■ **INFORMATION PROVIDED**:
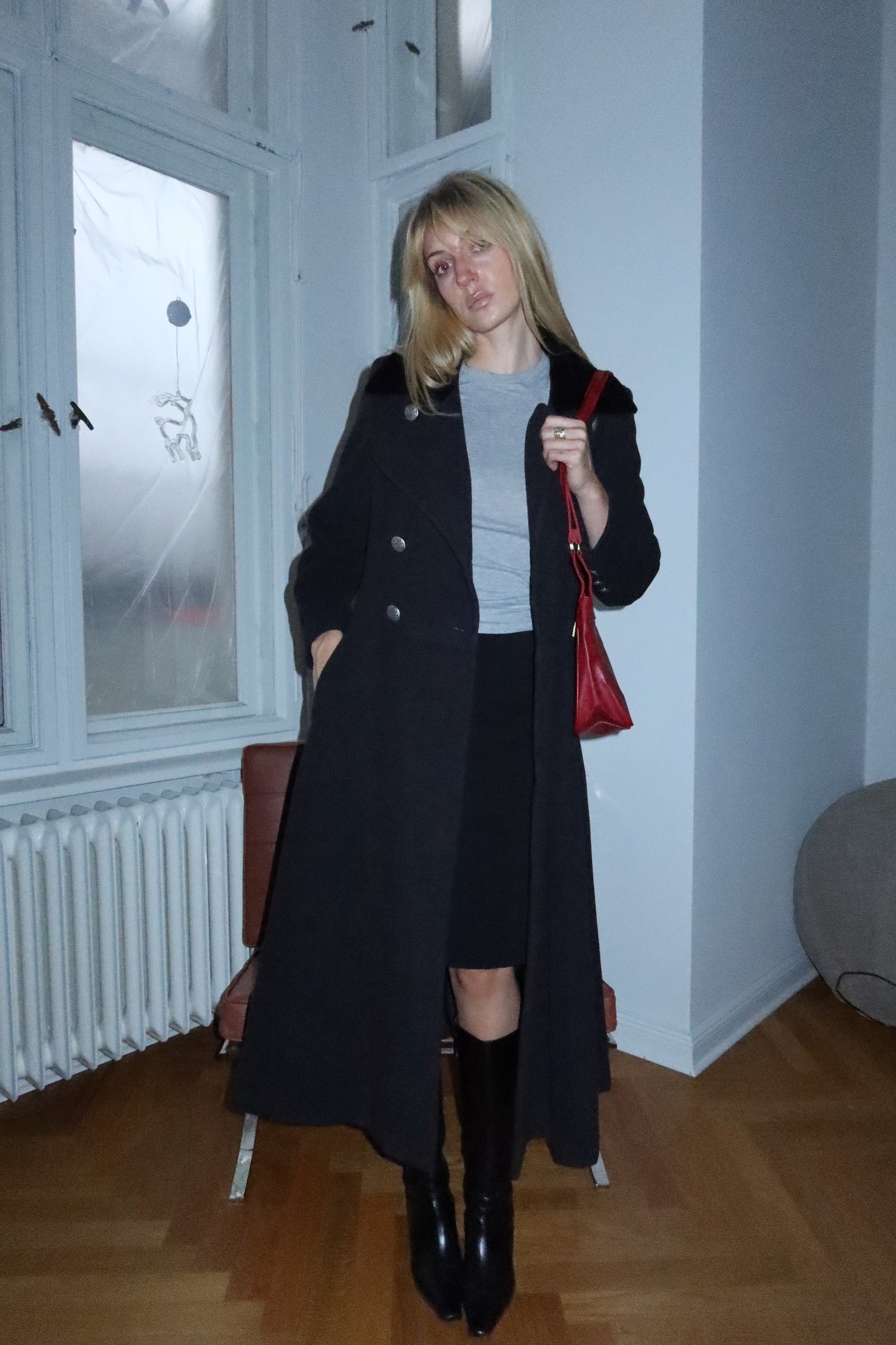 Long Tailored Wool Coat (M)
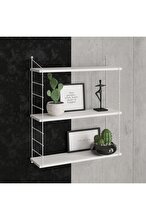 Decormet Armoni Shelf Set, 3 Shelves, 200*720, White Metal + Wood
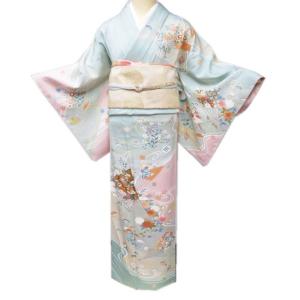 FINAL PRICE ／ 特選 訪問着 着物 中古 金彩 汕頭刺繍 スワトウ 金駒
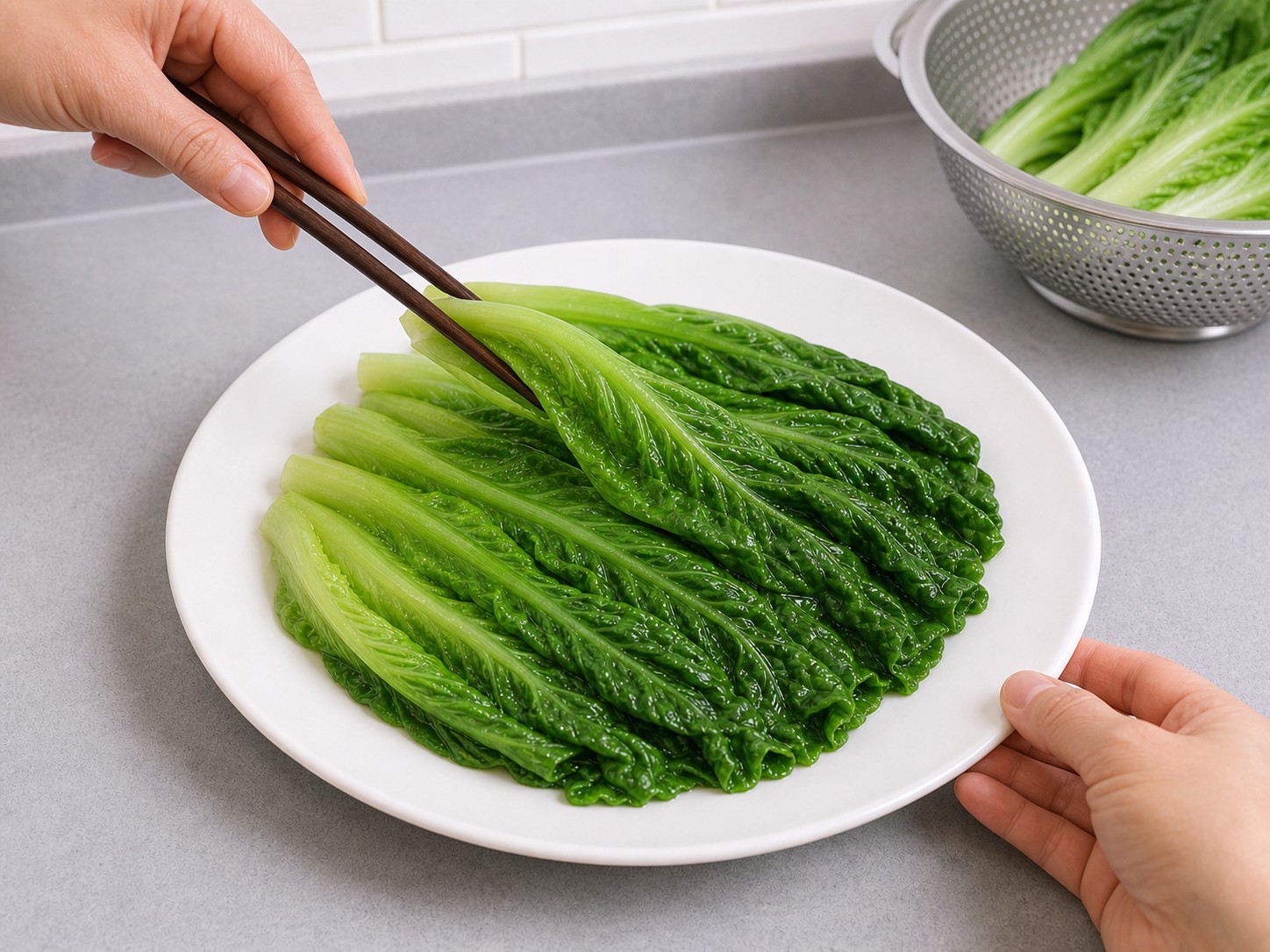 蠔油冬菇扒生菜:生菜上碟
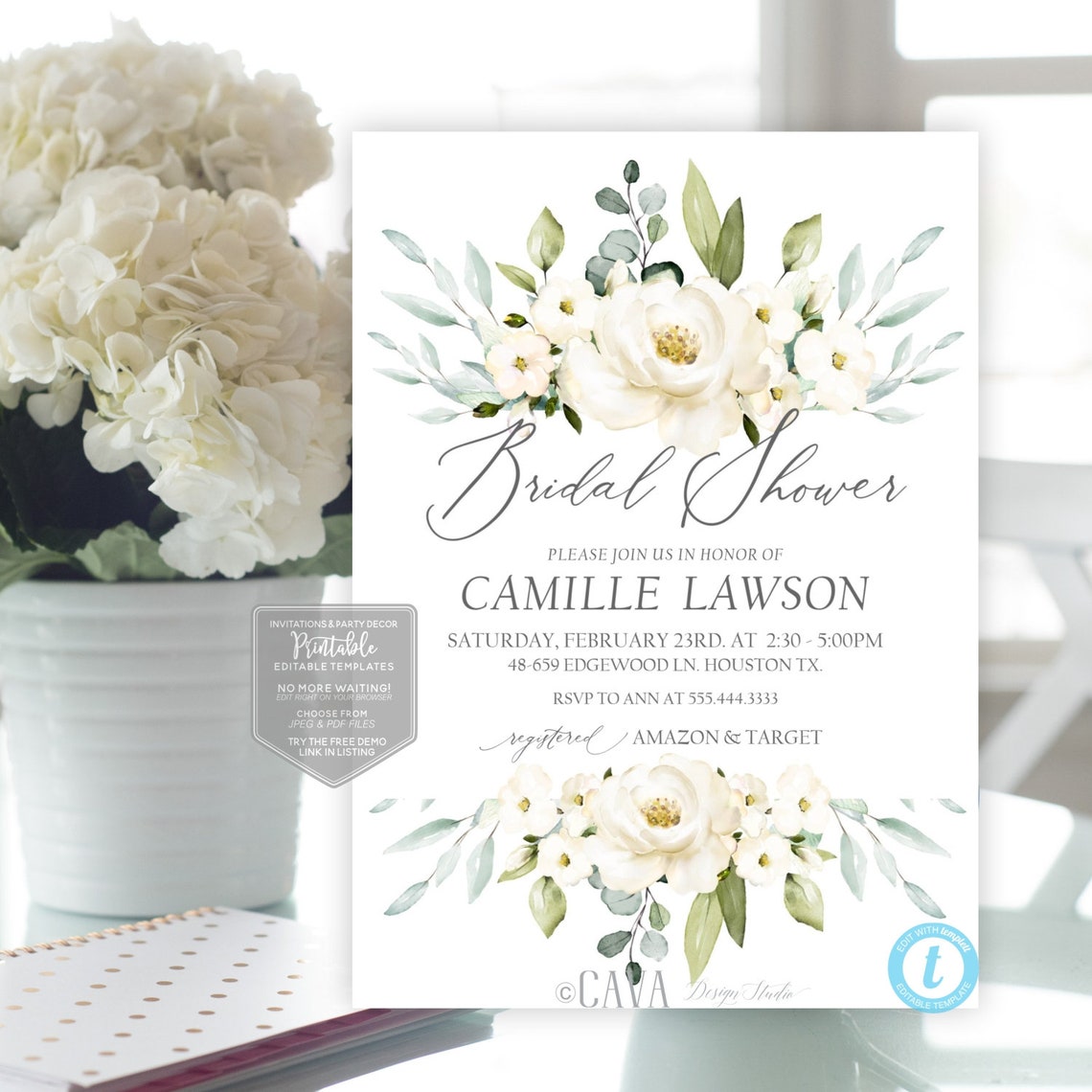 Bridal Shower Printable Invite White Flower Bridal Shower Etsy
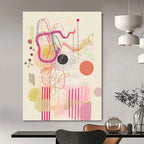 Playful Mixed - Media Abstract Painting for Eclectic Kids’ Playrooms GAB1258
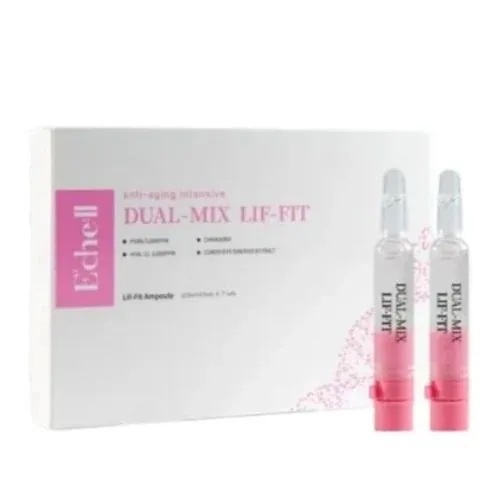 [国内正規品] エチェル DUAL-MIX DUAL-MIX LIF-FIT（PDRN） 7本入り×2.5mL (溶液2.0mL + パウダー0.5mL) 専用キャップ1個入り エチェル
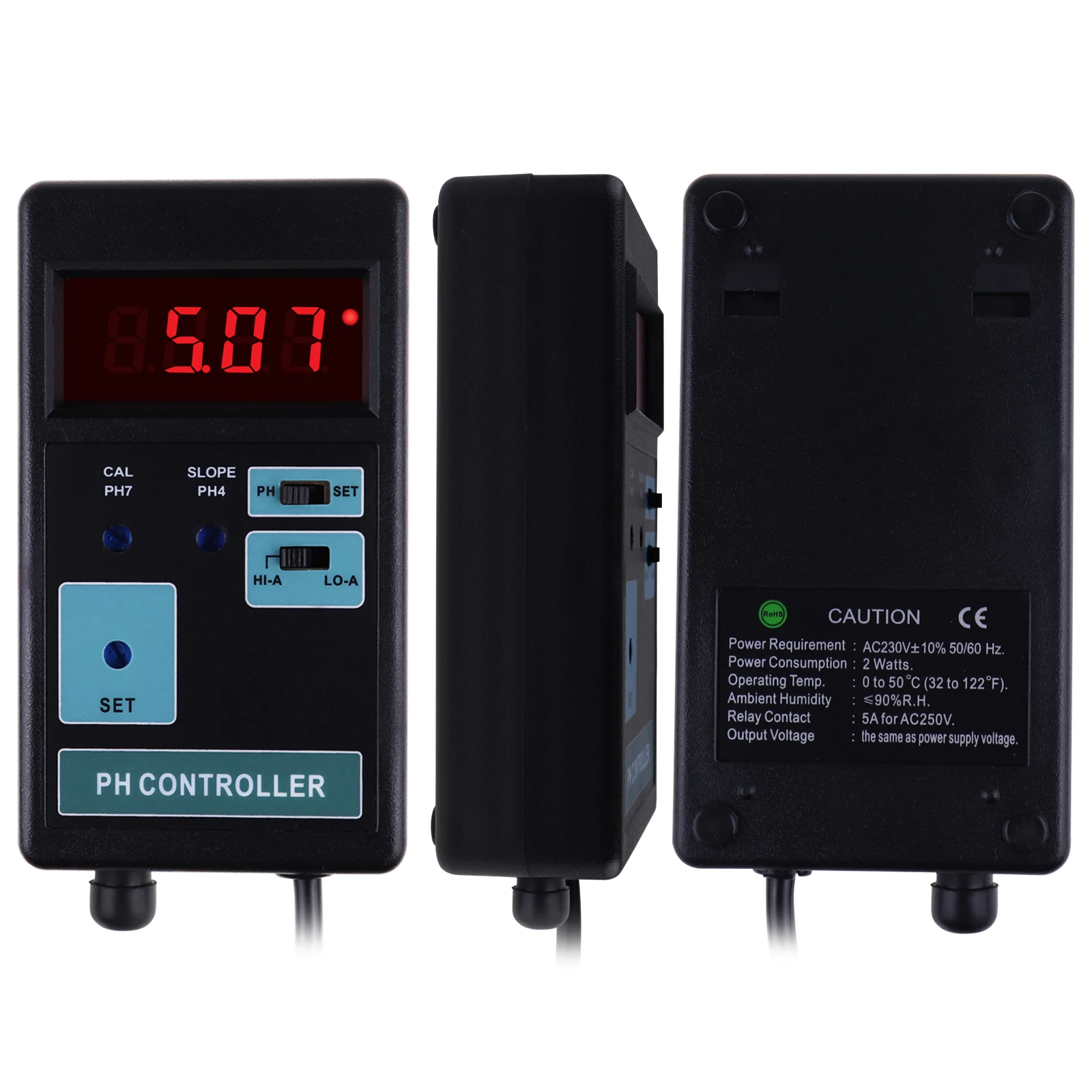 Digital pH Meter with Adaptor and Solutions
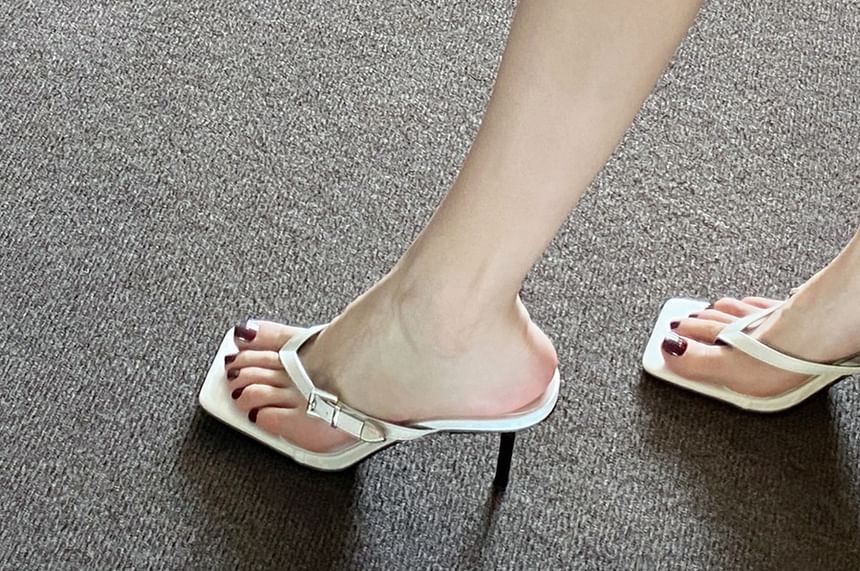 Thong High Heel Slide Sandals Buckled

■ **ABOUT THIS TASK**: Transcribe all data precisely. Pictures are not copied.

■ **EXPECTED ANSWER**:
 Long Tailored Wool Coat (M)
 Decormet Armoni Shelf Set, 3 Shelves, 200*720, White Metal + Wood
 FINAL PRICE ／ 特選 訪問着 着物 中古 金彩 汕頭刺繍 スワトウ 金駒
 蠔油冬菇扒生菜:生菜上碟
 Bridal Shower Printable Invite White Flower Bridal Shower Etsy
 Playful Mixed - Media Abstract Painting for Eclectic Kids’ Playrooms GAB1258
 [国内正規品] エチェル DUAL-MIX DUAL-MIX LIF-FIT（PDRN） 7本入り×2.5mL (溶液2.0mL + パウダー0.5mL) 専用キャップ1個入り エチェル
 Digital pH Meter with Adaptor and Solutions
 Thong High Heel Slide Sandals Buckled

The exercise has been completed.